→ Problem to solve
Go through the records below and tally the lines that include "flooring". Answer with the number only.

Crawled caption data:
◇ ◇ ◇ ◇

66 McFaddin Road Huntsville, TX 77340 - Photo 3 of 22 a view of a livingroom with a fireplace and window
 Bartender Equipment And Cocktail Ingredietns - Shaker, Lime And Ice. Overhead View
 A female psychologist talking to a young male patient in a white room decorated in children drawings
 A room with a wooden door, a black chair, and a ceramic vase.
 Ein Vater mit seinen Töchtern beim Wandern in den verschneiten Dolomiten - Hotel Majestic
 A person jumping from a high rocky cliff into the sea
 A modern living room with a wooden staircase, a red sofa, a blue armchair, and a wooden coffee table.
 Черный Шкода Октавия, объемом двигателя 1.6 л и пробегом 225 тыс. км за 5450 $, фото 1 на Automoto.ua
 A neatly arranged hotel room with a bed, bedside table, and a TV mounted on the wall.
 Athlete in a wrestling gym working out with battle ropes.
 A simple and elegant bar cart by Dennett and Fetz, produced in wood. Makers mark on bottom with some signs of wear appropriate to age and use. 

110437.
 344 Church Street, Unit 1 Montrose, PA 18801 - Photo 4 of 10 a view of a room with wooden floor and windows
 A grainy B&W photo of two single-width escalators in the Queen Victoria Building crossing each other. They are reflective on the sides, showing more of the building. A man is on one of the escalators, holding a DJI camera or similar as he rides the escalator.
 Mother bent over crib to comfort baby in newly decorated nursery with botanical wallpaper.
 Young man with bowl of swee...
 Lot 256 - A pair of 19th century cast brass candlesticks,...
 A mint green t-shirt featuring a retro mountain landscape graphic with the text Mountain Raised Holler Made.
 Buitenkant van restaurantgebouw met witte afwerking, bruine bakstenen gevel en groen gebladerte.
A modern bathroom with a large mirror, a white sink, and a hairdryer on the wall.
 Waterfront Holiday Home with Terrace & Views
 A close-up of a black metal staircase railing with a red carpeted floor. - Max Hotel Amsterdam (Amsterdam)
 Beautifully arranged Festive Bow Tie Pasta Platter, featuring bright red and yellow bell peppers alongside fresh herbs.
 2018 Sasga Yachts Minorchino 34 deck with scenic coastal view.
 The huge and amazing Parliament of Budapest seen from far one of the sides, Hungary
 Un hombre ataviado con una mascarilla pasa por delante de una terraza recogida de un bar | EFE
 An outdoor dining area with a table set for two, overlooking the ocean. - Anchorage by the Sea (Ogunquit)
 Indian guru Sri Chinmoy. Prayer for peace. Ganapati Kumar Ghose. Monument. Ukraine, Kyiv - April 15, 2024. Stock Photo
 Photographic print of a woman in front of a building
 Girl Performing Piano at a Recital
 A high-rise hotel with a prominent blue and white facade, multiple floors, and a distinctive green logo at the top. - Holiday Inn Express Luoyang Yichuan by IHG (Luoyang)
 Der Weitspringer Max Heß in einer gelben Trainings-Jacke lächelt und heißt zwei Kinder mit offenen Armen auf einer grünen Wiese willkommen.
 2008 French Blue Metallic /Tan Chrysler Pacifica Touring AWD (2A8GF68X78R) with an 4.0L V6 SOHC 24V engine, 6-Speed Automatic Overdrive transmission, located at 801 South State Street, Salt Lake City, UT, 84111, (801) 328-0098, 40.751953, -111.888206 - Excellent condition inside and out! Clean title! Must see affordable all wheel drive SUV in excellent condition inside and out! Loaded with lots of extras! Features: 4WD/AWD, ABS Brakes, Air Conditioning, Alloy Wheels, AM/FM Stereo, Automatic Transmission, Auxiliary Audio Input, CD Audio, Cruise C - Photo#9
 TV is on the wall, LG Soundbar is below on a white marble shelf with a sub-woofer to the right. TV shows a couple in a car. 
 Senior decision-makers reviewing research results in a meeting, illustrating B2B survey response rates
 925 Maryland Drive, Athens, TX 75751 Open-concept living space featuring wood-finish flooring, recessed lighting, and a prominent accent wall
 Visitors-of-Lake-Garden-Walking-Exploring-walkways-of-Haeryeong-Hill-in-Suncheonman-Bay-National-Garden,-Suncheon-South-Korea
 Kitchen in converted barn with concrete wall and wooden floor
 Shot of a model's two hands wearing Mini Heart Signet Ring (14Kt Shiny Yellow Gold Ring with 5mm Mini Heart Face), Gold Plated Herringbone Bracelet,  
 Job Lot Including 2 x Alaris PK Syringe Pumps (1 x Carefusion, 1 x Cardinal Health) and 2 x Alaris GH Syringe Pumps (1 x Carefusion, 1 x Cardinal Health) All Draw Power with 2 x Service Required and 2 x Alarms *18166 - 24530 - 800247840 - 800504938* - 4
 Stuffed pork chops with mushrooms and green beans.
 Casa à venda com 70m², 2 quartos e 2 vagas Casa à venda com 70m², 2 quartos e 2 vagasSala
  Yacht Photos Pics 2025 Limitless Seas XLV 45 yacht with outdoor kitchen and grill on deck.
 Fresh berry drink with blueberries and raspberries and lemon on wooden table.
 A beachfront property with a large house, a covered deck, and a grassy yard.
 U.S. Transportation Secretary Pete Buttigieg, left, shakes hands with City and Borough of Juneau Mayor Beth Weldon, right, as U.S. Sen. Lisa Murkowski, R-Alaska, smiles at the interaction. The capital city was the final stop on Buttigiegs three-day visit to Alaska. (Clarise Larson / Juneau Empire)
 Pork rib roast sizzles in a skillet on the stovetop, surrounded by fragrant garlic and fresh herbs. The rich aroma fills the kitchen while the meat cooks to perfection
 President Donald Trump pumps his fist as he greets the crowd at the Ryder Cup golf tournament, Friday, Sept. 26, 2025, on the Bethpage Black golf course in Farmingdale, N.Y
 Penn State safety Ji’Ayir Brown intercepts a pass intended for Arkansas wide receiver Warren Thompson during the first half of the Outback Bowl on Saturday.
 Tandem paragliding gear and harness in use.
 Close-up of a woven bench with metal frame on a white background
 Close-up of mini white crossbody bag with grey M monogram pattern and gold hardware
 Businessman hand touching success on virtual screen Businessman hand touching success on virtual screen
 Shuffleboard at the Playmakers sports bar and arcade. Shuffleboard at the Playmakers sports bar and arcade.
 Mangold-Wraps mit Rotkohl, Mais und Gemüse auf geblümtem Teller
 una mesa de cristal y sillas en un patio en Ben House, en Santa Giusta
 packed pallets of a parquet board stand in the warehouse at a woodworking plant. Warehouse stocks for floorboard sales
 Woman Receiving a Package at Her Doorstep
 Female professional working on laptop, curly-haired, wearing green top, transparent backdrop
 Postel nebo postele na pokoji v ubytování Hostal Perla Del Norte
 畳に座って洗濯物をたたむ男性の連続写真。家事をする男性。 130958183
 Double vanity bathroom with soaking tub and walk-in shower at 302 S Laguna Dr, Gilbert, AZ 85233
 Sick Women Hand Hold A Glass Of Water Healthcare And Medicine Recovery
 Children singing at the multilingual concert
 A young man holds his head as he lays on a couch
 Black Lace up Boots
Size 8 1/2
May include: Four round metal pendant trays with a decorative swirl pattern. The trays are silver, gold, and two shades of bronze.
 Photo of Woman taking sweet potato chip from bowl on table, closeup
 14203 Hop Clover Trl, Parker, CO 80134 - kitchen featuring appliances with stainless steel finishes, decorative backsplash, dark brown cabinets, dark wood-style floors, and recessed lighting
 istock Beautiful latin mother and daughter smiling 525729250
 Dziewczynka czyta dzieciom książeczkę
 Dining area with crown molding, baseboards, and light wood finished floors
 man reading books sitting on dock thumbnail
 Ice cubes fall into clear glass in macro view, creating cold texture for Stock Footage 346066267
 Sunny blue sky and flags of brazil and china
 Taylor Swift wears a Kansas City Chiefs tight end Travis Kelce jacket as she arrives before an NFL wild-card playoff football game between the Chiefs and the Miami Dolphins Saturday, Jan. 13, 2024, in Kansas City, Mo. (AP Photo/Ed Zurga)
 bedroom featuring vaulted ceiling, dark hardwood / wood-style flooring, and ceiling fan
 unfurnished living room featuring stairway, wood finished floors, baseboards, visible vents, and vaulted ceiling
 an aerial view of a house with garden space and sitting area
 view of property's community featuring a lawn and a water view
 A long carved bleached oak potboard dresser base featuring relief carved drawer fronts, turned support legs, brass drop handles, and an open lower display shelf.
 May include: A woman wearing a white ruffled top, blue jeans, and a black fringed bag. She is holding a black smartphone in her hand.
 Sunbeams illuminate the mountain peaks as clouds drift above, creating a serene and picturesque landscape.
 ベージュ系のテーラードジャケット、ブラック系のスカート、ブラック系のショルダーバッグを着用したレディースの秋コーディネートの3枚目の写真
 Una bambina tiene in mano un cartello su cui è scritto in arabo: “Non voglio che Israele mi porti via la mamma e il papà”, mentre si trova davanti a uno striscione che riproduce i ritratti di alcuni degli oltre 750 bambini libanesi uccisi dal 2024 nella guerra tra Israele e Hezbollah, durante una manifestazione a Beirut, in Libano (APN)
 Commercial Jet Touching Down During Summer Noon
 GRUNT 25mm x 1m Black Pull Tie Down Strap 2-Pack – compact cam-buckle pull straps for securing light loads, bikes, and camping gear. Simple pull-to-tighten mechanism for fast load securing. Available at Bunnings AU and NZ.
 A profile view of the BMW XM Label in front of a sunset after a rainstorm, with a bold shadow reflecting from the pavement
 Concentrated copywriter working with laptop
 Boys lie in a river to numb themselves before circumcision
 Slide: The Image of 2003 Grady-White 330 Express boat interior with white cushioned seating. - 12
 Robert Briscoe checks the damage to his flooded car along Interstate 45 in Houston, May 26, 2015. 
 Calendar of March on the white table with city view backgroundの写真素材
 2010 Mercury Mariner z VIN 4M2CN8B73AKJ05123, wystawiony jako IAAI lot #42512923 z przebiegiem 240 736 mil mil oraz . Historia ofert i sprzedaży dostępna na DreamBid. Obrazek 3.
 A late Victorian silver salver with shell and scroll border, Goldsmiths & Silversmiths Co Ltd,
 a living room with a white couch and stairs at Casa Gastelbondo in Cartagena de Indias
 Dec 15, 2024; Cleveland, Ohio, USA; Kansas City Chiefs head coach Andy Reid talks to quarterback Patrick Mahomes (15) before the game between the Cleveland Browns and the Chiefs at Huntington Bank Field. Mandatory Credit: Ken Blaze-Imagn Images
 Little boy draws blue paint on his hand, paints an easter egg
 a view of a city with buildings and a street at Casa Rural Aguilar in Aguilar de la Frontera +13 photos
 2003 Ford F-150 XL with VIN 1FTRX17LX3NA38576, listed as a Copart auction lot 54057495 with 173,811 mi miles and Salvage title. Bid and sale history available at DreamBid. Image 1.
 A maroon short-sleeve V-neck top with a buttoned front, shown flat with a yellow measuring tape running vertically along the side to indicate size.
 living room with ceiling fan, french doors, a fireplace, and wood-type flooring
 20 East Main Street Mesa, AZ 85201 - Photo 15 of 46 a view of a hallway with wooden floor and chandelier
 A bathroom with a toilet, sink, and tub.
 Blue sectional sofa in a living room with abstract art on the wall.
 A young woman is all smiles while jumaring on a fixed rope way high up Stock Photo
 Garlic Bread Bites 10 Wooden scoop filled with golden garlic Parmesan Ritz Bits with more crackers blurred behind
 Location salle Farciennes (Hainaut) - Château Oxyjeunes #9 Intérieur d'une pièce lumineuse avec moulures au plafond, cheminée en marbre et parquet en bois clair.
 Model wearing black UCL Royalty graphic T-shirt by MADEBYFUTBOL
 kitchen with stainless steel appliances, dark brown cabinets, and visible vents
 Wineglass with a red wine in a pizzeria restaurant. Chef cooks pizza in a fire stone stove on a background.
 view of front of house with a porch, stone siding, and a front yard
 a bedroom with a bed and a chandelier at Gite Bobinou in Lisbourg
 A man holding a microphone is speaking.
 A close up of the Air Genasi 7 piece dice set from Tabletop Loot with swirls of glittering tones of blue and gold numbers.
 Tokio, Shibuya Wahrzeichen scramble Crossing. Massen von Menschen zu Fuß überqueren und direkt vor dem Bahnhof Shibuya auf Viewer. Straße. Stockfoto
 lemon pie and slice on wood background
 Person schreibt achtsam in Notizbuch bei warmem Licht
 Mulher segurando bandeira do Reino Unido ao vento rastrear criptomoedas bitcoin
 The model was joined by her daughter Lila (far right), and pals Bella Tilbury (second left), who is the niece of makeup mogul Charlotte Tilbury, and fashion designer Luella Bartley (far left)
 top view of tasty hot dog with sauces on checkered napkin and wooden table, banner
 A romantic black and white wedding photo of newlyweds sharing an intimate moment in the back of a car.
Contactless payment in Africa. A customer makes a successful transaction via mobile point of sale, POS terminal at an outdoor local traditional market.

◇ ◇ ◇ ◇

→ Result of this exercise
3